A CHILDHOOD SCARRED BY LOSS AND CRUELTY
Mpinang’s story began long before marriage. “I first experienced abuse when I was 14 years when my mother died… the community rejected us and avoided us like the plague,” she told the audience. Orphaned, bullied and forced into child labour, she grew up believing she “would never amount to anything.”
A MARRIAGE THAT BECAME A PRISON
Her vulnerability carried her into the arms of a man she hoped would protect her. Instead, he became her greatest danger. She detailed the years of physical, emotional, financial and sexual abuse that hollowed her life: the beatings, the isolation, the forced dependency, the rape. Even police intervention failed her. “I went to report at the police and they let me down telling me to go back home and talk about the issue,” she recalled, a sentence that hung like a verdict in the room.
A SYSTEM THAT FAILS, A WOMAN WHO DIDN’T BREAK
Eventually fleeing the country for safety, Mpinang still carries the trauma, the jumpiness and the unresolved 2018 case that never moved.
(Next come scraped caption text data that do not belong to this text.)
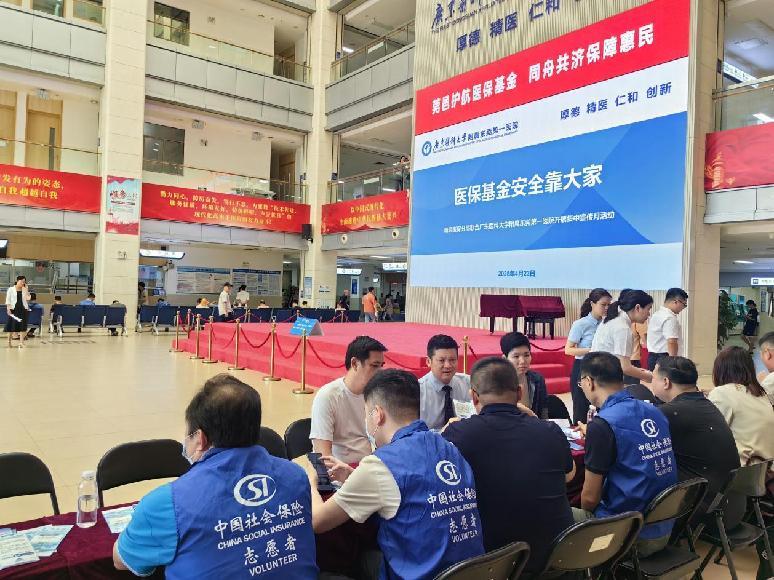 塘廈醫(yī)保分局工作簡(jiǎn)報(bào)2025年第1期_：塘廈醫(yī)保分局開展“醫(yī)保基金安全靠大家”集中宣傳月活動(dòng).docx_2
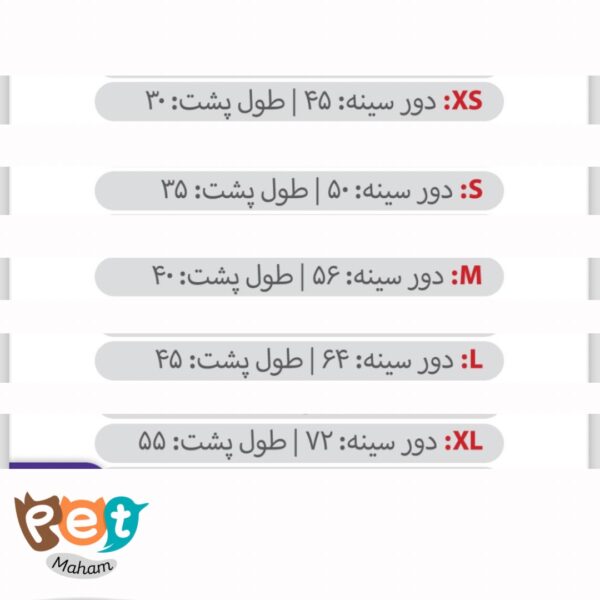 حوله تنپوش سگ و گربه و جونده 1713 - تصویر 5
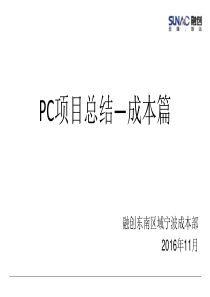 PC成本分析总结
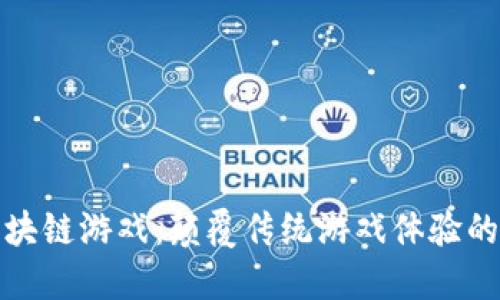 探秘比特区块链游戏：颠覆传统游戏体验的虚拟新世界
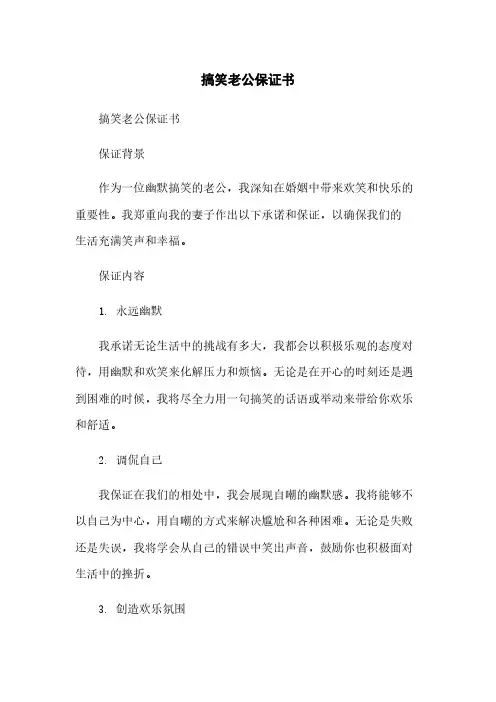 搞笑老公保证书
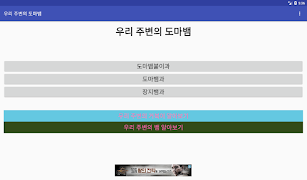 우리 주변의 도마뱀 截图 1
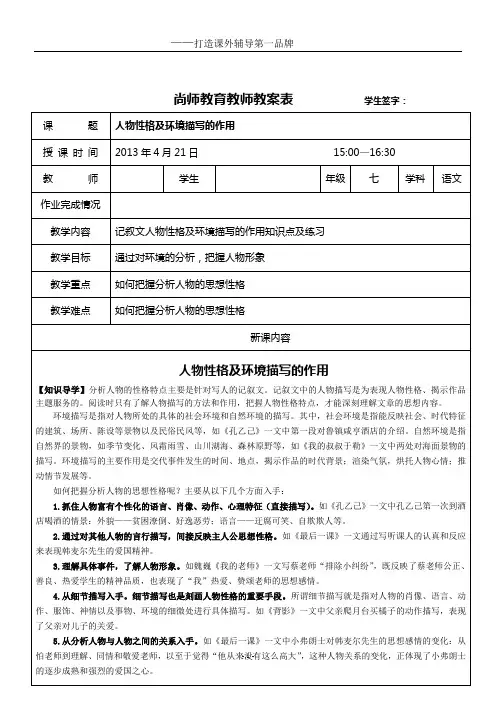 人物性格及环境描写的作用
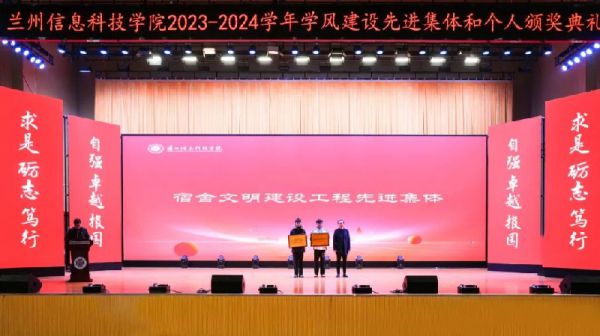 5785人受表彰，优秀！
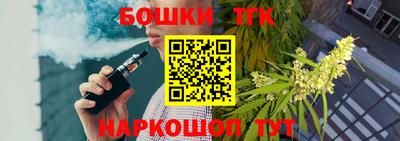 COCAINE Гулькевичи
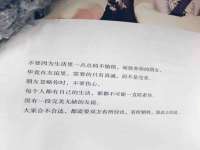 上海成弘旺网络科技有限公司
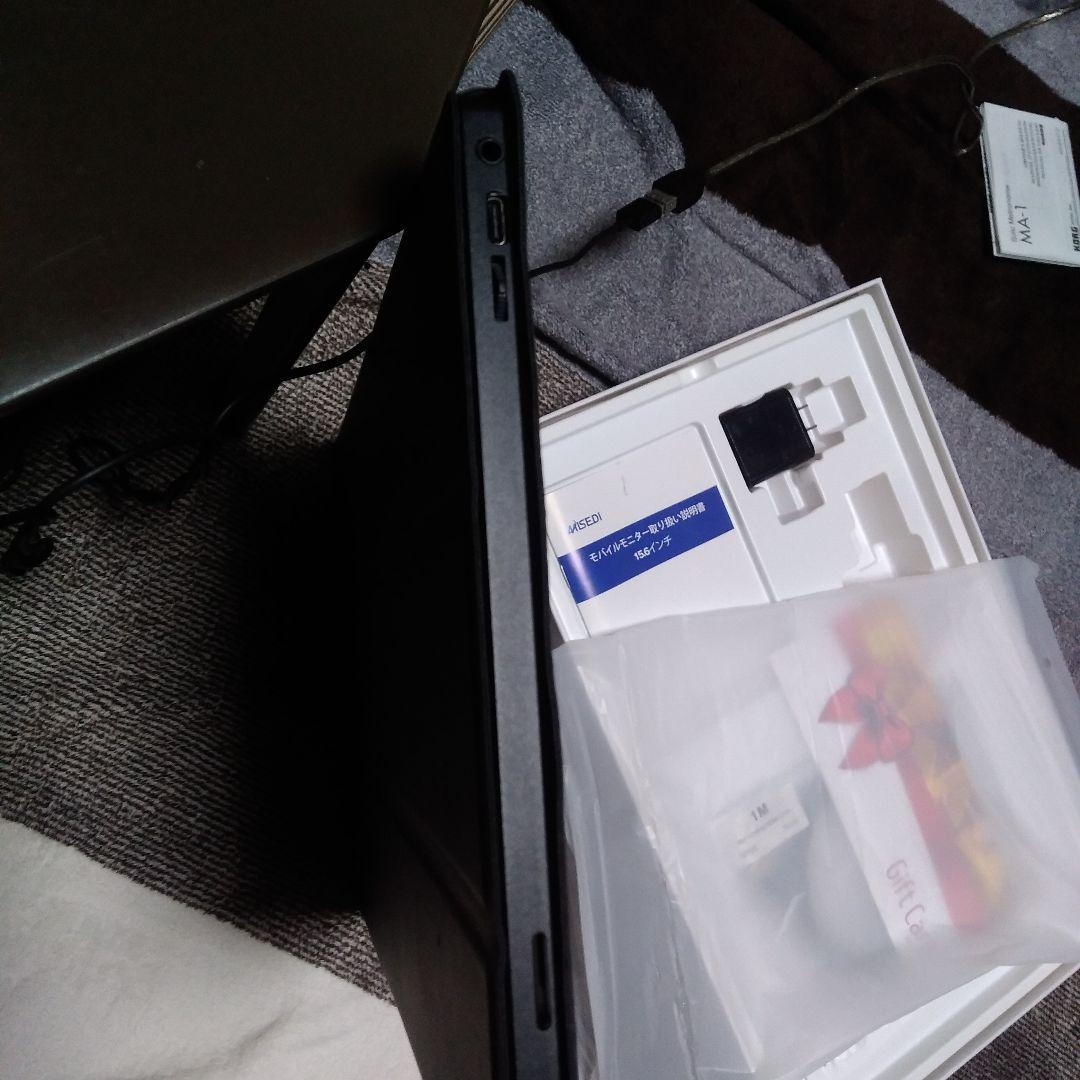 モバイルモニター 15.6インチ MISEDI モバイルディスプレイ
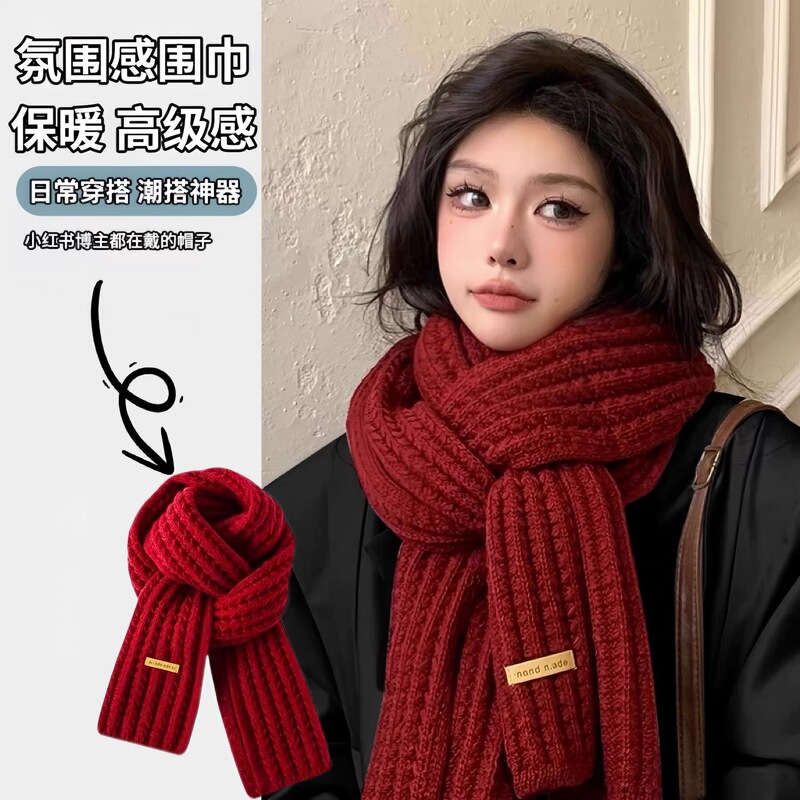 Scarf with a Light Luxury and High-End Feel, Autumn and Winter Knitted Korean Style, Warm and Stylish, Cute Couple Influencer Women's Long Scarf
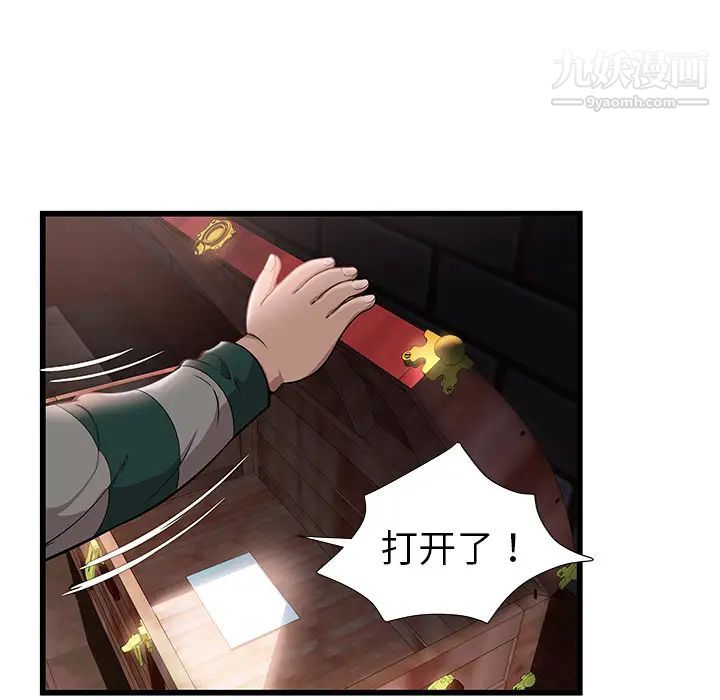 密室逃生绝命天堂饭店第2话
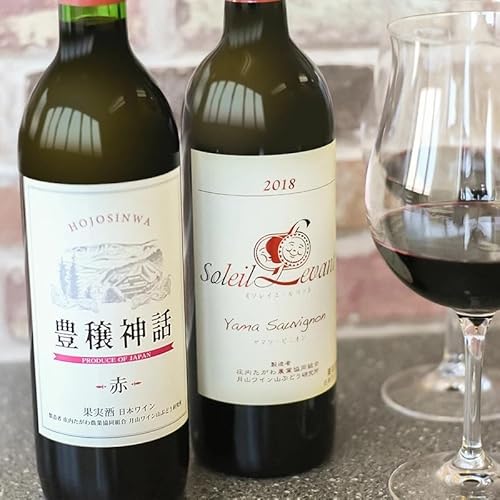 赤ワイン 飲み比べ2本セット ソレイユルバン・ヤマソービニオン750ml&豊穣神話・ヤマソービニオン720ml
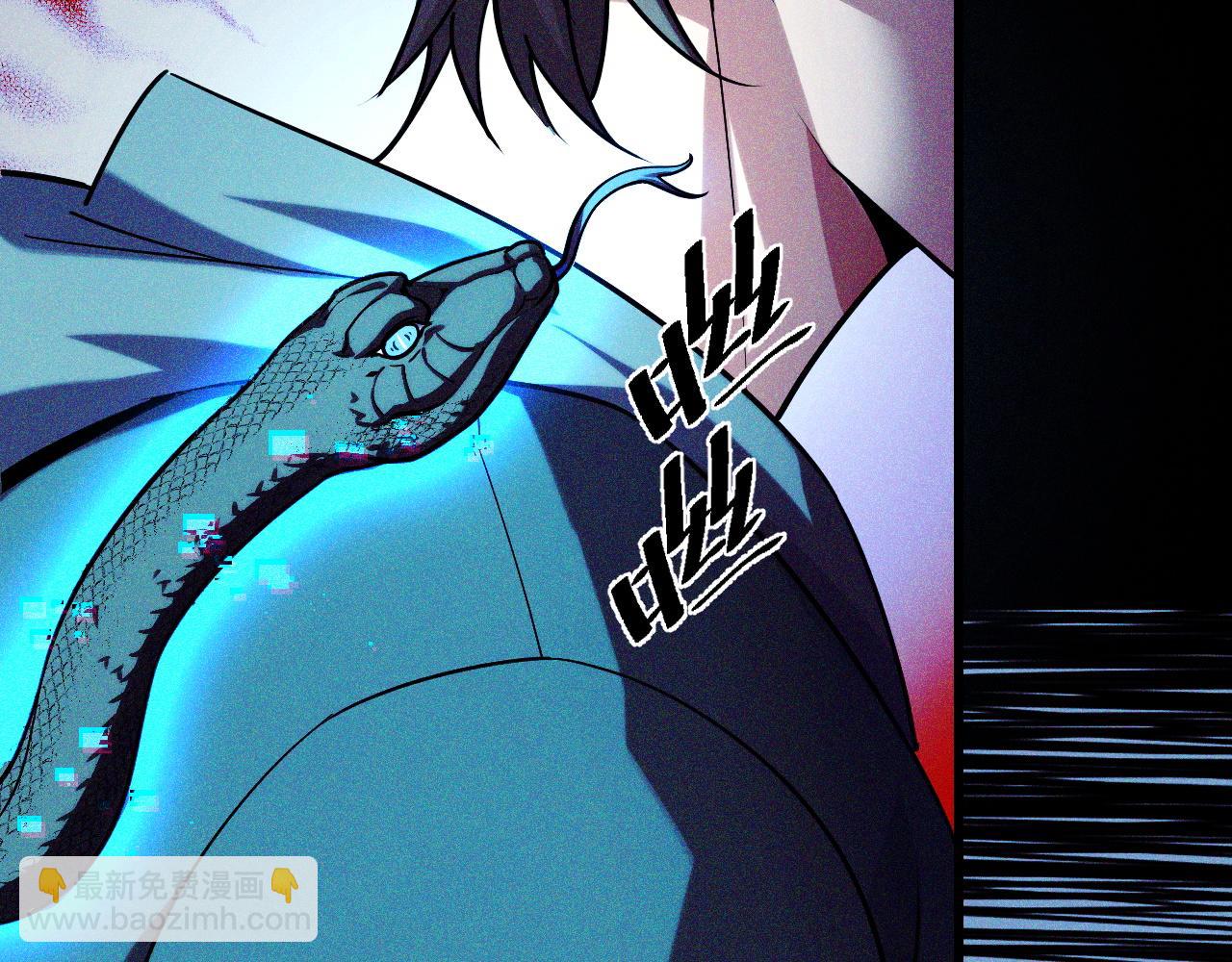 第46话 这就是神？！11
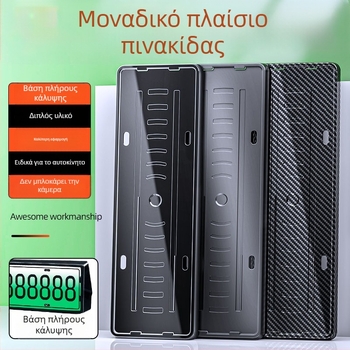 Πλαίσιο πινακίδας κυκλοφορίας για Zeekr 001/007/X (2021–2024), πλαστικό, μάρκα Tengyun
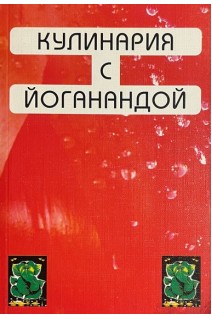 Кулинария с Йоганандой (БУ). Шри Парамахамса Йогананда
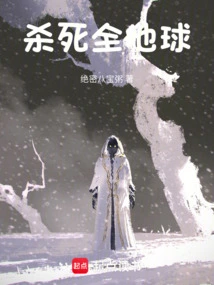 Kill the Whole Earth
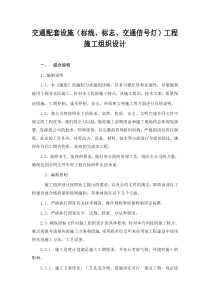 交通设施工程施工方案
Yet from that pain, she built Re A Bua Foundation, a grassroots beacon for survivors, especially orphaned children, providing healing, advocacy and psychosocial support in partnership with the UNESCO Chair at the University of Botswana.
BECOMING THE PERSON SHE NEEDED
“I have dedicated myself to become the person I needed when I was young,” she said, turning her wounds into a lifeline for others still trapped in silence.